Natural Organic Reduction vs. Green Burial: What's the Difference? (colloquially referred to as human composting)
Deciding how to care for a loved one — or planning for yourself — is one of the more meaningful choices a person can make. If you’re drawn to options that are gentle on the earth, two paths tend to come up side by side: terramation (also called natural organic reduction, or NOR) and green burial (also called natural burial). Both avoid embalming chemicals and concrete vaults. Both return the body to the earth. But they work differently, produce different outcomes for families, and aren’t equally available everywhere. This guide walks through both options honestly so you can decide which fits your family’s values, location, and needs.
What is the difference between terramation (human composting) and green burial?
Terramation transforms the body into approximately one-half cubic yard of nutrient-rich soil over 60–90 days using a vessel and organic materials — families receive living soil to use, scatter, or share. Green burial places the unembalmed body in a biodegradable container directly in the earth to decompose naturally over months to years — families receive a visitable gravesite. Both are among the most eco-friendly options available; green burial is legal everywhere while NOR is legal in 14 states.
- Terramation gives families living soil to plant, scatter, or share — green burial gives families a specific, visitable gravesite; these are genuinely different kinds of memorial connection, not just process differences.
- Both avoid embalming chemicals, concrete vaults, and fossil fuel combustion — making them two of the lowest-carbon disposition options available, with NOR offering a slight edge in nutrient return speed.
- Green burial is legal in all 50 states; terramation is legal in 14 states — availability may be the deciding practical factor for families outside those 14 states.
- Green burial typically costs $1,000–$4,000 (burial fees plus biodegradable container) and can be one of the most affordable options; terramation costs $4,950–$10,000 all-inclusive.

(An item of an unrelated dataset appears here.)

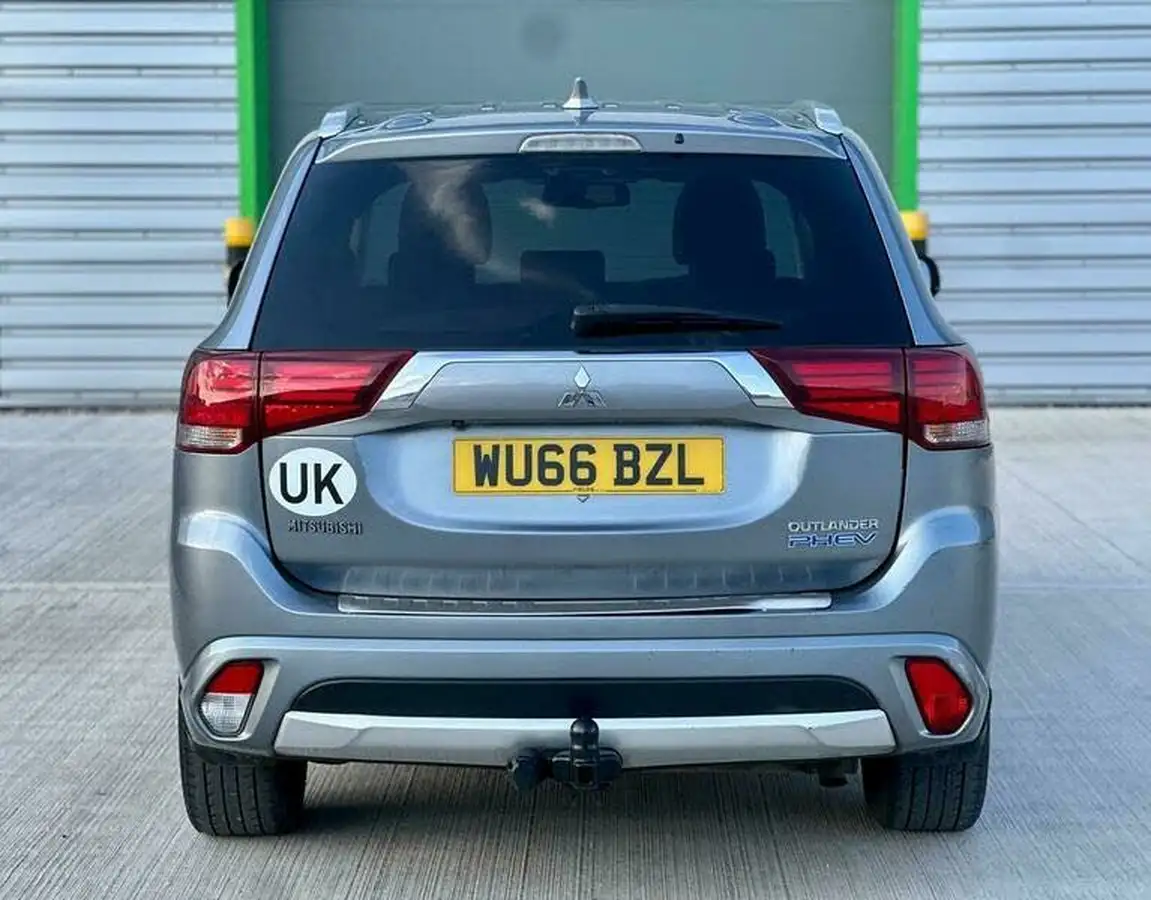 2016-mitsubishi-outlander-20-gx4h-phev-big-3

- Conservation burial grounds use burial fees to permanently protect land from development — a unique ecological benefit of green burial that terramation does not replicate.
The Short Answer
Terramation (natural organic reduction) transforms the body into nutrient-rich soil over several weeks to a few months using a vessel and organic materials. Families receive approximately 1/2 cubic yard of soil to use, scatter, or donate. It is currently legal in 14 states.

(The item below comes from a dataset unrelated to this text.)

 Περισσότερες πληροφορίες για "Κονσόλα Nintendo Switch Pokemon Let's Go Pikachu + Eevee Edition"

Green burial places the body — unembalmed, in a biodegradable container or shroud — directly in the earth to decompose naturally over months to years. Families receive a gravesite to visit. It is legal in all 50 states.
Both are among the most environmentally responsible choices available. The right one depends on what matters most to you.
How Each Process Works
Natural Organic Reduction (Natural Organic Reduction)
Natural organic reduction — NOR — is the formal term for what many people call terramation or body composting. It is the newest legally recognized disposition method in the United States, authorized by Washington State in 2019 and now legal in 14 states.
The process begins when the body is placed in a specially designed vessel along with organic materials: typically wood chips, straw, and alfalfa. These materials create the conditions for natural microbial activity to begin. The vessel is gently rotated over time to ensure the process proceeds evenly. Warmth, moisture, and oxygen do the rest — the same biological processes that break down plant matter in a compost pile, adapted for a controlled and dignified setting.
The process takes several weeks to a few months, depending on the system used by the provider. [1] At the end, the resulting material — called Regenerative Living Soil™ — is carefully screened and prepared for the family.
There is no embalming, no cremation flame, and no concrete vault. The process is biological from start to finish.
For a more detailed walkthrough of what happens during NOR, see our complete guide to natural organic reduction.
Green Burial (Natural Burial)
Green burial is, in many ways, the oldest form of human disposition on earth — and the Green Burial Council has given it a modern, standardized definition. A green burial means no embalming, no concrete vault, and a biodegradable container: a simple wooden casket, a wicker or willow coffin, or a plain cotton or linen shroud. The body is placed directly in the earth at a certified green burial ground or a hybrid cemetery that allows natural burials. [2]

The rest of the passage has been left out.